Work required:
Would you please restate all of the entries exactly, apart from the pictures?

_ _ _ _ _

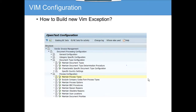We are going to cover how to build new VIM exceptions. An example we have given is a VIM exception for a PO doctype — this is where we have a three-way match invoice, a three-way match PO, and we are missing a goods receipt. That is a VIM exception.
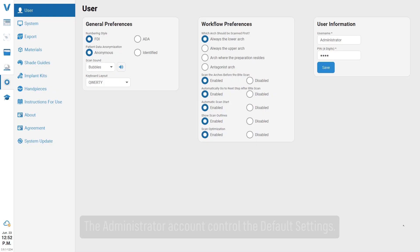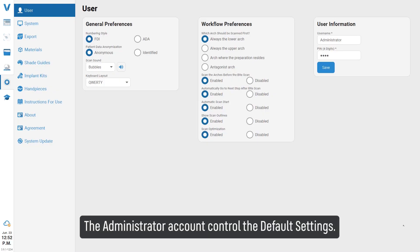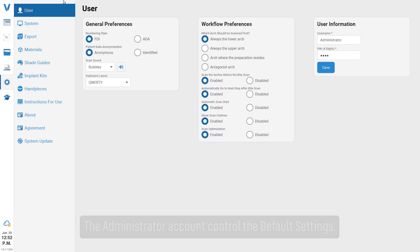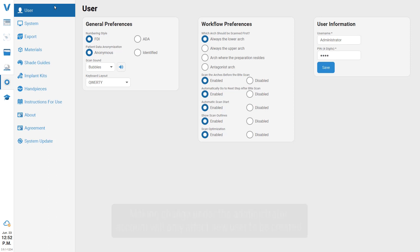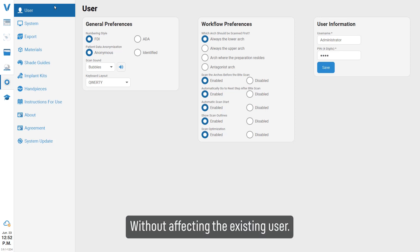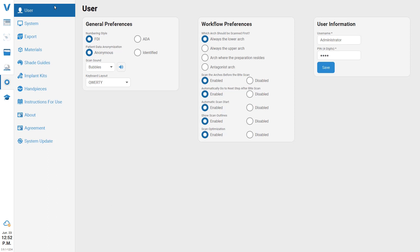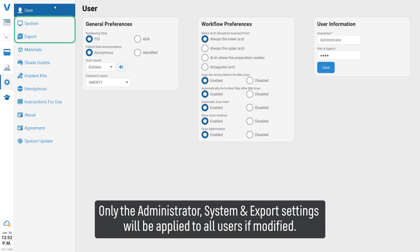The administrator account controls the default settings. Making changes under the administrator account will only affect new users to be created, without affecting existing users. Only the administrator system and export settings will be applied to all users if modified.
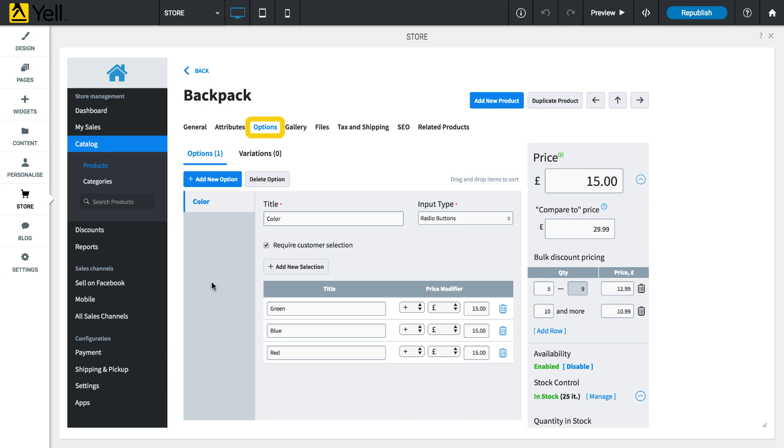The Options tab is used to create the different options available for your products, like different sizes or colors. Each option has four components: its name, the input type, whether or not it is required and the selections themselves.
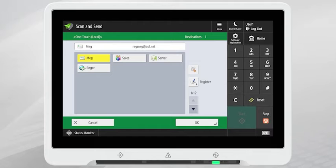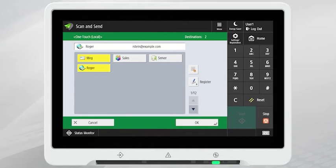To send that same document to multiple One-Touch destinations, tap to select all of the desired recipients.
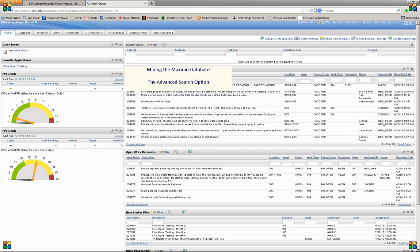Welcome to Mining the Maximo Database. This lesson is using the Advanced Search option.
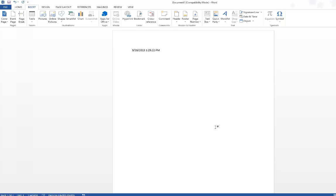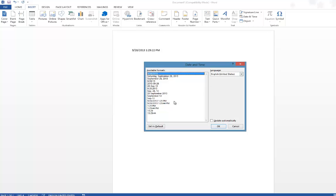Now if you want the inserted date and time to get updated to the latest time, then you should go for the update automatically option. Again select the available format and then select, now mark the checkbox update automatically.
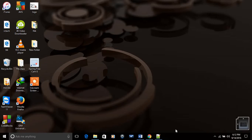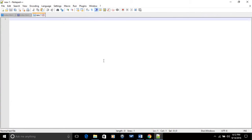For that I always use Notepad++, because it is free and available online. It is really easy to put the code in Notepad++. Let's begin our first codes.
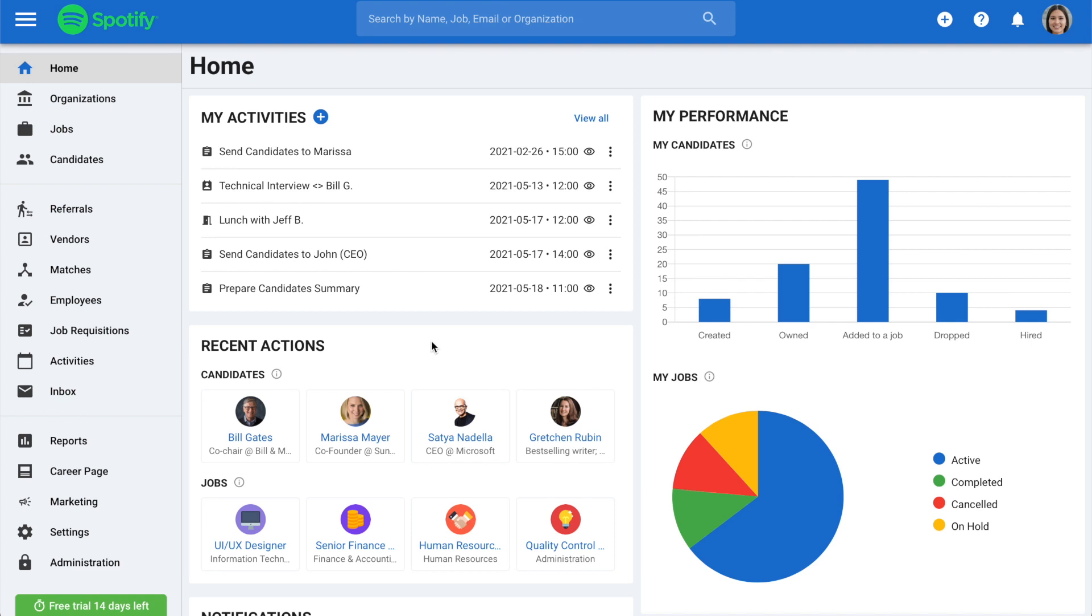Changing ATS software can be challenging, but with Matatul, you can easily bring all of your candidates with you.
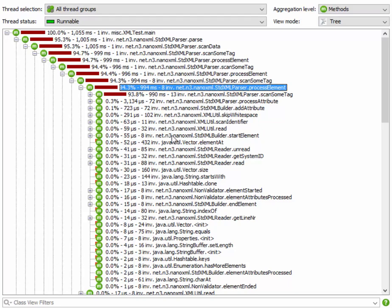Now here comes the idea. If you were able to sum the non-recursive part of the call tree for all the invocations of process element, you would get some really valuable insight into the performance characteristics of the XML parser.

_ _ _ _ _

Exercise answer:
We are going to cover how to build new VIM exceptions. An example we have given is a VIM exception for a PO doctype — this is where we have a three-way match invoice, a three-way match PO, and we are missing a goods receipt. That is a VIM exception.
The administrator account controls the default settings. Making changes under the administrator account will only affect new users to be created, without affecting existing users. Only the administrator system and export settings will be applied to all users if modified.
The Options tab is used to create the different options available for your products, like different sizes or colors. Each option has four components: its name, the input type, whether or not it is required and the selections themselves.
To send that same document to multiple One-Touch destinations, tap to select all of the desired recipients.
Welcome to Mining the Maximo Database. This lesson is using the Advanced Search option.
Now if you want the inserted date and time to get updated to the latest time, then you should go for the update automatically option. Again select the available format and then select, now mark the checkbox update automatically.
For that I always use Notepad++, because it is free and available online. It is really easy to put the code in Notepad++. Let's begin our first codes.
Changing ATS software can be challenging, but with Matatul, you can easily bring all of your candidates with you.
Now here comes the idea. If you were able to sum the non-recursive part of the call tree for all the invocations of process element, you would get some really valuable insight into the performance characteristics of the XML parser.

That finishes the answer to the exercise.